初めて読んでくださった方、ありがとうございます。

毎度読んでくださる方々、心から感謝しております。

第12話更新いたしました。

今回はリアルの智哉の話です。少しセラフィンゲイン内での『シャドウ』が多く、ギャップが薄くなっている感がありましたので、ここで智哉は現実世界では『ダメヲタ野郎』なんだと言う事を再確認する為に入れてみましたが、いかがだったでしょうか?
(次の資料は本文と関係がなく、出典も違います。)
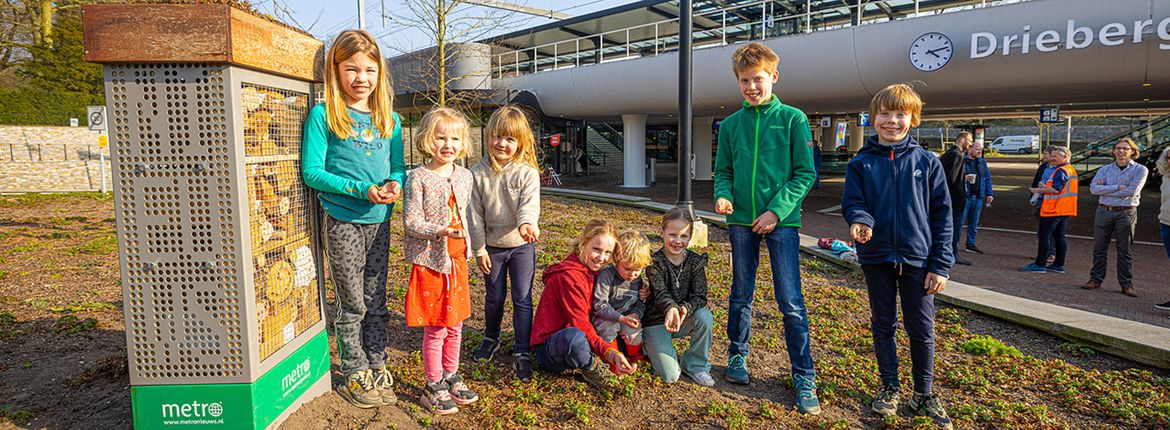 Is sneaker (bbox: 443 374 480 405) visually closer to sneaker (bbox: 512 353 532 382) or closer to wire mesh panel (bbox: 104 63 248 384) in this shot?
sneaker (bbox: 512 353 532 382)

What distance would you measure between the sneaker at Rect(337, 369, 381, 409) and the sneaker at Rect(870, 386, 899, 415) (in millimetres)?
2571

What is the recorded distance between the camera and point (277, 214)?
286 centimetres

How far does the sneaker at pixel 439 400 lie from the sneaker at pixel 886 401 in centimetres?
217

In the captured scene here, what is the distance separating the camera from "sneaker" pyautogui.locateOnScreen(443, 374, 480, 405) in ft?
10.9

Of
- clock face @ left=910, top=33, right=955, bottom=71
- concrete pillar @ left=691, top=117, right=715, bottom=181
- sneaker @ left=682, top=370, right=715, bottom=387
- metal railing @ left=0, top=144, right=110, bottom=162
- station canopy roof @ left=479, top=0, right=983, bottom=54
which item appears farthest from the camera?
concrete pillar @ left=691, top=117, right=715, bottom=181

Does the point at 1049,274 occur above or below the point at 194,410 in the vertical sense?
below

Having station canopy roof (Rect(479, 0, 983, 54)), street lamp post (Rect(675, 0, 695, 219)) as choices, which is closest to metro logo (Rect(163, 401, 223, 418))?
street lamp post (Rect(675, 0, 695, 219))

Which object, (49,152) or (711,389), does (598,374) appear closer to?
(711,389)

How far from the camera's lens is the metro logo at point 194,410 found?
2.74 m

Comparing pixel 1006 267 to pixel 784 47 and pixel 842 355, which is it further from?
pixel 784 47

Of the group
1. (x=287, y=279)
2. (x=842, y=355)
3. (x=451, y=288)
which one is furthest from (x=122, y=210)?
(x=842, y=355)

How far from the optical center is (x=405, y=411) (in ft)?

ファーストガンダムのネタが入っているのは私の趣味ですw

鋏屋でした。


〈次回予告〉

半ば強引に引き込まれ、微妙なノリで始まった『クラブマチルダ新装開店祝い』兼『ラグナロクオフ会』 そこで出てきたスノーこと雪乃の謎。

さらにマリアは『鬼丸』のことを教えて欲しいと智哉に迫る。

そして智哉は『シャドウ』として、鬼丸との思い出を語り始めた。今明かされる『鬼丸』とシャドウの過去とチーム『ヨルムンガムド』解散の経緯……

かつての戦友、伝説の最強魔法剣士『鬼丸』とはどんな男だったのか?


次回 セラフィンゲイン第13話 『伝説の剣士』 こうご期待!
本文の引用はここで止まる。